> _Work order_
Starting at the top of the records below, write out each line exactly as it stands, stopping after the line with "Lovely Male And"; exclude the pictures.

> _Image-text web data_

——

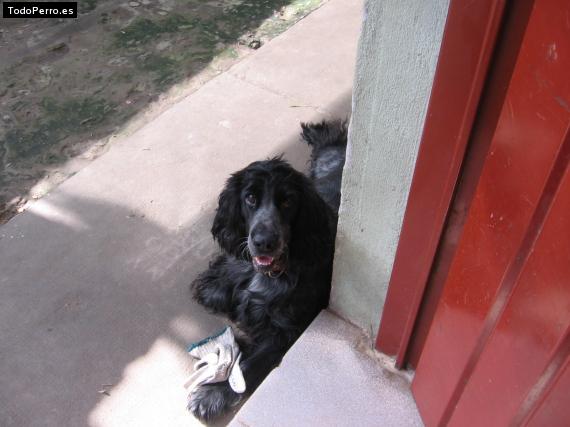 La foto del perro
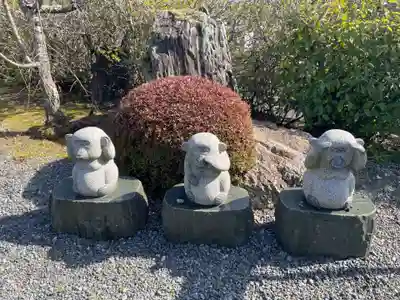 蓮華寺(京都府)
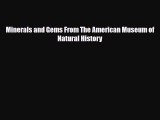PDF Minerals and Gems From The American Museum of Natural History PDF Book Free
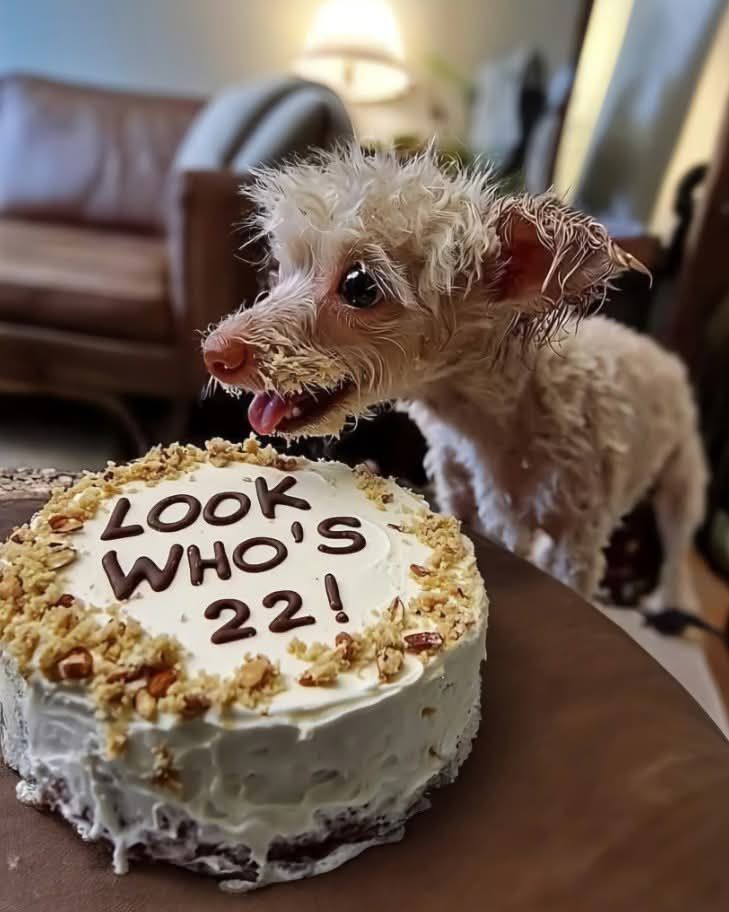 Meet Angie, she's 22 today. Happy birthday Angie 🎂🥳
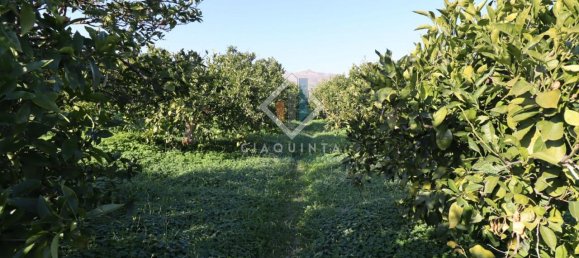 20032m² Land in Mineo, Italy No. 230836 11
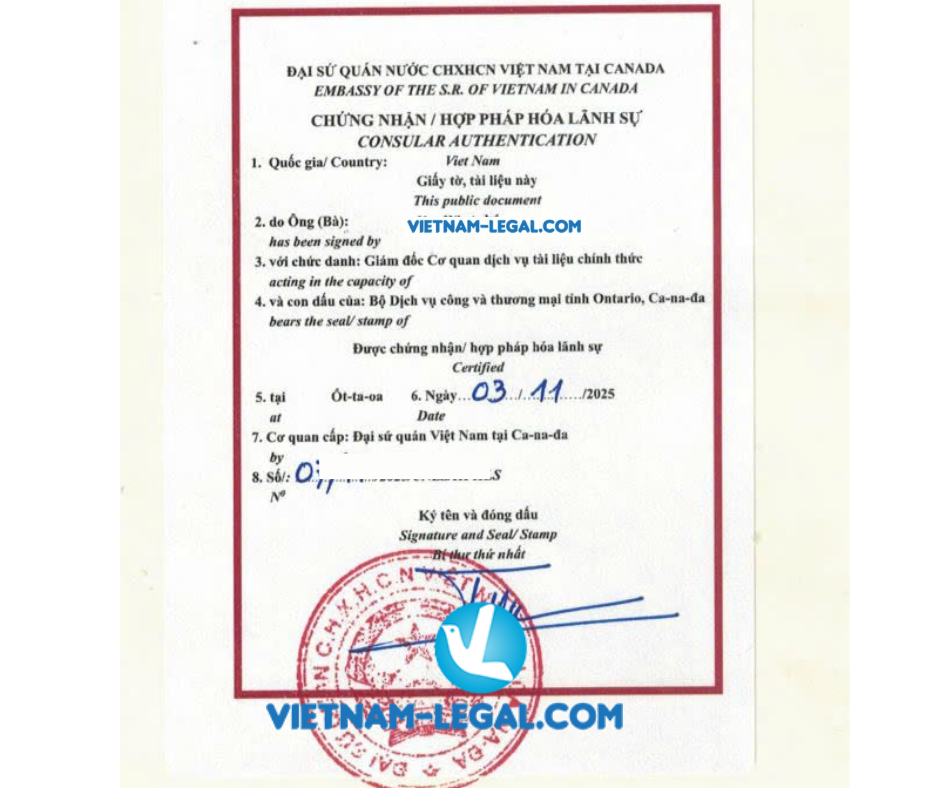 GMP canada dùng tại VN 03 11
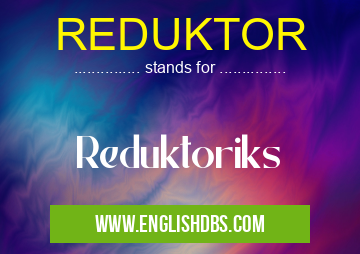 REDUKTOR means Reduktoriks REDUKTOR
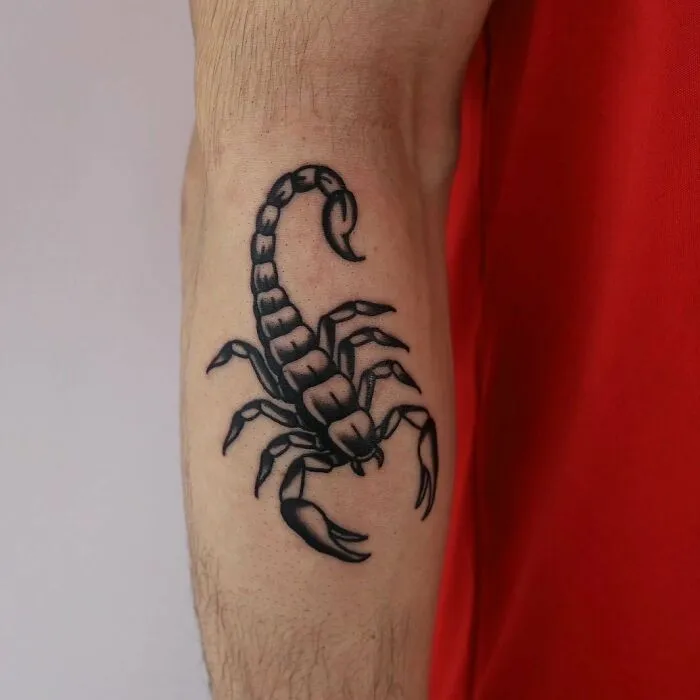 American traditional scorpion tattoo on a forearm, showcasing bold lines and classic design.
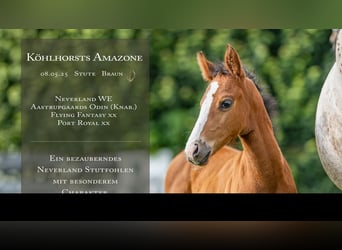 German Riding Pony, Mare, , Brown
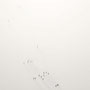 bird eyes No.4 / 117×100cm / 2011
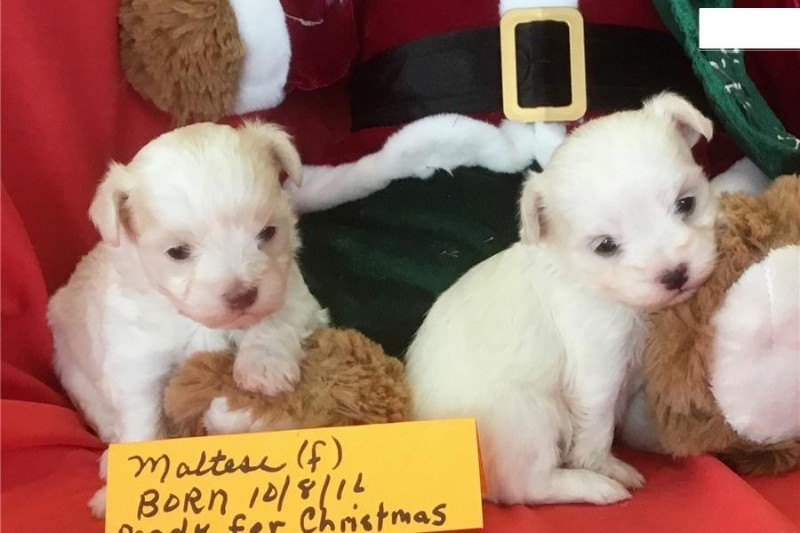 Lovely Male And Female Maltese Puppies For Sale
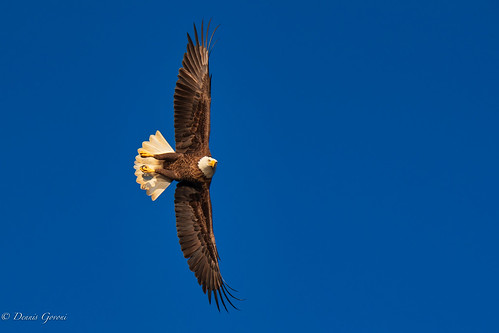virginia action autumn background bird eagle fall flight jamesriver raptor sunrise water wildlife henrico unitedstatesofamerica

——

> _Expected answer_
 La foto del perro
 蓮華寺(京都府)
PDF Minerals and Gems From The American Museum of Natural History PDF Book Free
 Meet Angie, she's 22 today. Happy birthday Angie 🎂🥳
 20032m² Land in Mineo, Italy No. 230836 11
 GMP canada dùng tại VN 03 11
 REDUKTOR means Reduktoriks REDUKTOR
 American traditional scorpion tattoo on a forearm, showcasing bold lines and classic design.
 German Riding Pony, Mare, , Brown
 bird eyes No.4 / 117×100cm / 2011
 Lovely Male And Female Maltese Puppies For Sale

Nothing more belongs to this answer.